António Miranda disse...

Parece-me que ao escrever esta "festa" o Furriel Silva, ou "isca para os amigos, terá andado de mais com a História da Companhia. O "Baptismo de Fogo" foi muito mais cedo e sem aquele historial todo. O Isca, às vezes, emgana-se, que A senhora de Gervide lhe perdoe. Mas, de qualquer forma, estou com ele. Força, e mais histórias e um pouco mais de verdade. Inté. Furriel (ex) Miranda.

Anónimo disse...

Caro José Ferreira da Silva,

Ou estou errado, mas parece que pertencias à Companhia do Homem Grande Alferes Alberto Branquinho, que tem escrito maravilhas aqui na Tabanca Grande.

Um abraço,

Mário Fitas

Hélder Valério disse...

Caro camarada Ferreira da Silva

Este teu relato vem mais uma vez demonstrar quanto importante é a disciplina, sejam quais forem as circunstâncias.

Por outro lado é também interessante ver assim, em letra de forma, as 'certezas' que eram incutidas nos espíritos da rapaziada...

Um abraço
Hélder S.

Hélder Valério disse...

Caro camarada Ferreira da Silva

Este teu relato vem mais uma vez demonstrar quanto importante é a disciplina, sejam quais forem as circunstâncias.

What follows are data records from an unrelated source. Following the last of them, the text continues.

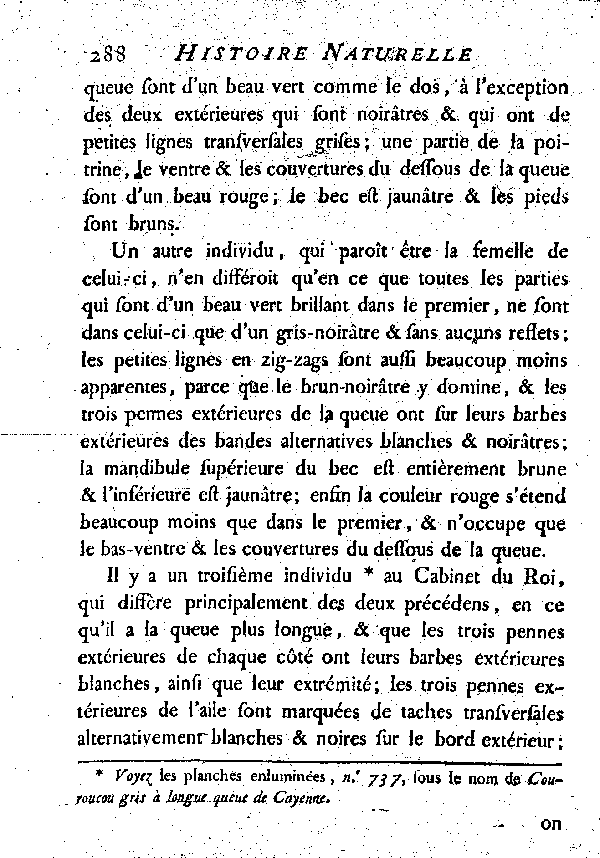 Le Couroucou à ventre rouge.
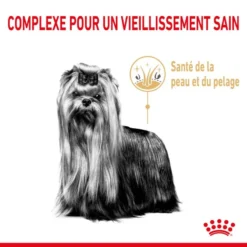 ROYAL CANIN Yorkshire Terrier Adult 8+ 1,5kg -Doux Museau Soldes Magasin fre pl ROYAL CANIN Yorkshire Terrier Adult 8 1 5kg 12529 6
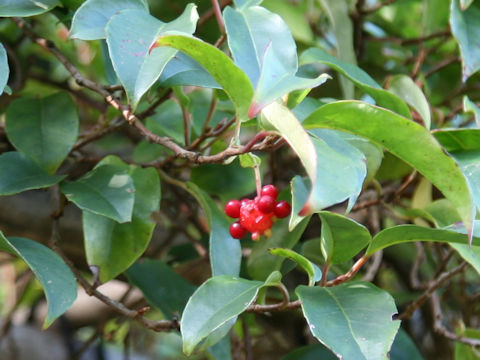 Kadsura japonica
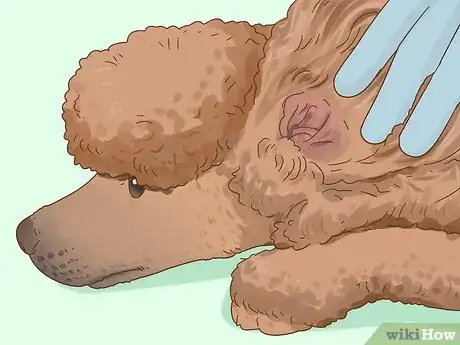 Image titled Clean Poodle Ears Step 3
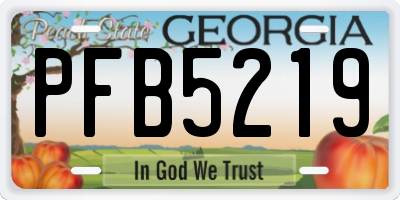 GA license plate PFB5219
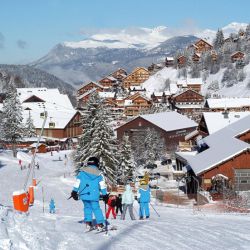 Chalet Refuge Boua in Meribel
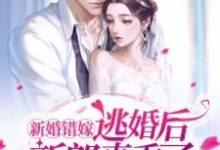 宋蕴蕴江曜景小说在哪里可以看-艾米文学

Por outro lado é também interessante ver assim, em letra de forma, as 'certezas' que eram incutidas nos espíritos da rapaziada...

Um abraço
Hélder S.

Silva da Cart 1689 disse...

Caro Miranda
Obrigado por apareceres.
A história do Baptismo de fogo está de acordo como a vivi. O que presenciei diz respeito à malta do meu pelotão e ao do Alf. Freitas. Os outros, onde poderias estar, não estavam ao meu alcance visual. Pelo menos estes confirmam basicamente a história. Tínhamos pouco mais de 5 semanas de solo guineense.
Se consultares a história oficial da Cart 1689, também podes certificar-te do combate e das datas. Penso que podes estar confundindo este confronto com outros que se verificaram a seguir.
Todavia, tens todo o direito de me desenganares. Para isso, terás que relatar o tal Baptismo de fogo que não este. Mas não esqueças que eu estava lá, porque até Gandembel, não falhei uma sequer.
E toma nota que a minha história poderá não ser a tua e serem ambas verdadeiras.
Entretanto, já vai sendo tempo de esqueceres o nosso fracasso com as gajas de Gervide. Olha que hoje devem ser umas respeitáveis avozinhas, de moral muito acima da tal Senhora do Papa, que tu tanto adoras.
Um grande abraço do
Silva

Silva da Cart 1689 disse...

Caro Mario Fitas

Sim, é verdade, sou da mesma Companhia do Alferes Branquinho.E, embora não sendo do seu pelotão, sempre tivemos um óptimo relacionamento (quem o não teve?). Ele era o Alferes da Cart 1689. O tal que convivia connosco sempre que tinha oportunidade. Tivemos dias inesquecíveis e incontáveis.
Ainda hoje somos amigos, apesar das distâncias quilométricas. Foi ele que insistiu para eu vos fazer companhia. Ainda bem.